Samhain. Did she have a choice? In her dreams she died.
She could feel the intensity of the wolf’s regard, strengthening as her silence continued. Then he told her the final straw that broke her resistance. “Jon’s a cop—undercover—so I doubt your coven knows it. If his body turns up, though, there will be an investigation. I’ll see to it that the witchcraft angle gets explored thoroughly. They might listen to a werewolf who tells them that witches might be a little more than the turbaned fortune-teller.”
Blackmail galled him, she could tell—but he wasn’t bluffing. He must love his brother.
She only had a touch of empathy and it came and went. It seemed to be pretty focused on this werewolf tonight, though.
If she didn’t help him, his brother would die at Samhain’s hands and his blood would be on her as well. If it cost her death, as her dreams warned her, perhaps that was justice served.
“Come in,” Moira said, hearing the grudge in her voice. He’d think it was her reaction to the threat—and the police poking about the coven would end badly for all concerned.
But it wasn’t his threat that moved her. She took care of the people in her neighborhood, that was her job.

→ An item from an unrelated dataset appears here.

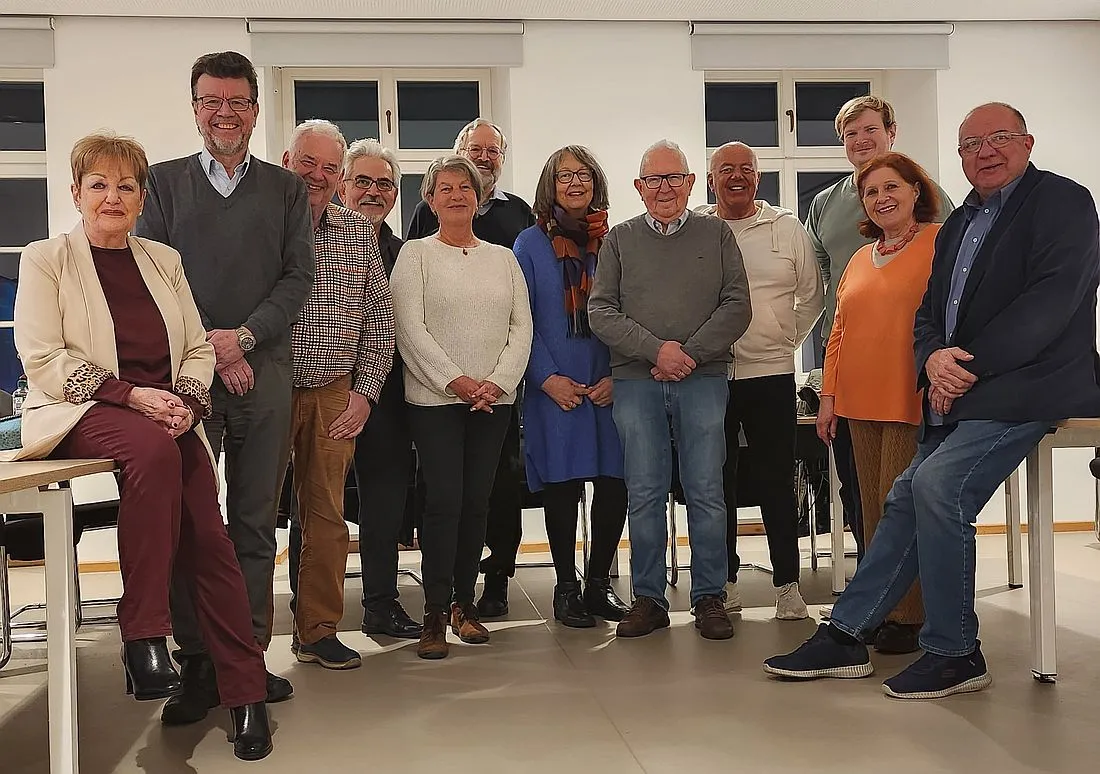 Gespräch über Sorgen und Nöte der älteren Menschen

The police she saw as brothers-in-arms. If she could help one, it was her duty to do so. Even if it was her life for his.
“You’ll have to wait until I get my coffee,” she told him, and her mother’s ghost forced the next bit of politeness out of her. “Would you like a cup?”
“No. There’s no time.”
He said that as if he had some idea about it—maybe the
sight
hadn’t passed him by either.
“We have until tomorrow night if Samhain has him.” She turned on her heel and left him to follow her or not, saying over her shoulder, “Unless they took him because he saw something. In which case he probably is already dead. Either way there’s time for coffee.”
He closed the door with deliberate softness and followed her. “Tomorrow’s Halloween. Samhain.”
“Kouros isn’t Wiccan, anymore than he is Greek, but he apes both for his followers,” she told him as she continued deeper into her apartment. She remembered to turn on the hall light—not that he’d need it, being a wolf. It just seemed courteous: allies should show each other courtesy. “Like a magician playing slight of hand he pulls upon myth, religion and anything else he can to keep them in thrall. Samhain, the time not the coven, has power for the fae, for Wicca, for witches. Kouros uses it to cement his own, and killing someone with a bit of power generates more strength than killing a stray dog and bothers him about as much.”
“Kouros?” He said it as if it solved some puzzle, but it must not have been important because he continued with no more than a breath of pause. “I thought witches were all women?” He followed her into the kitchen and stood too close behind her. If he were to attack, she wouldn’t have time to ready a spell.
But he wouldn’t attack, her death wouldn’t come at his hands tonight.
The kitchen lights were where she remembered them and she had to take it on faith that she was turning them on and not off, she could never remember which way the switch worked. He didn’t say anything so she must have been right.
She always left her coffeepot primed for mornings, so all she had to do was push the button and it began gurgling in promise of coffee soon.
“Um,” she said, remembering he’d asked her a question. His closeness distracted her—and not for the reasons it should. “Women tend to be more powerful witches, but you can make up for lack of talent with enough death and pain. Someone else’s, of course, if you’re a black practitioner like Kouros.”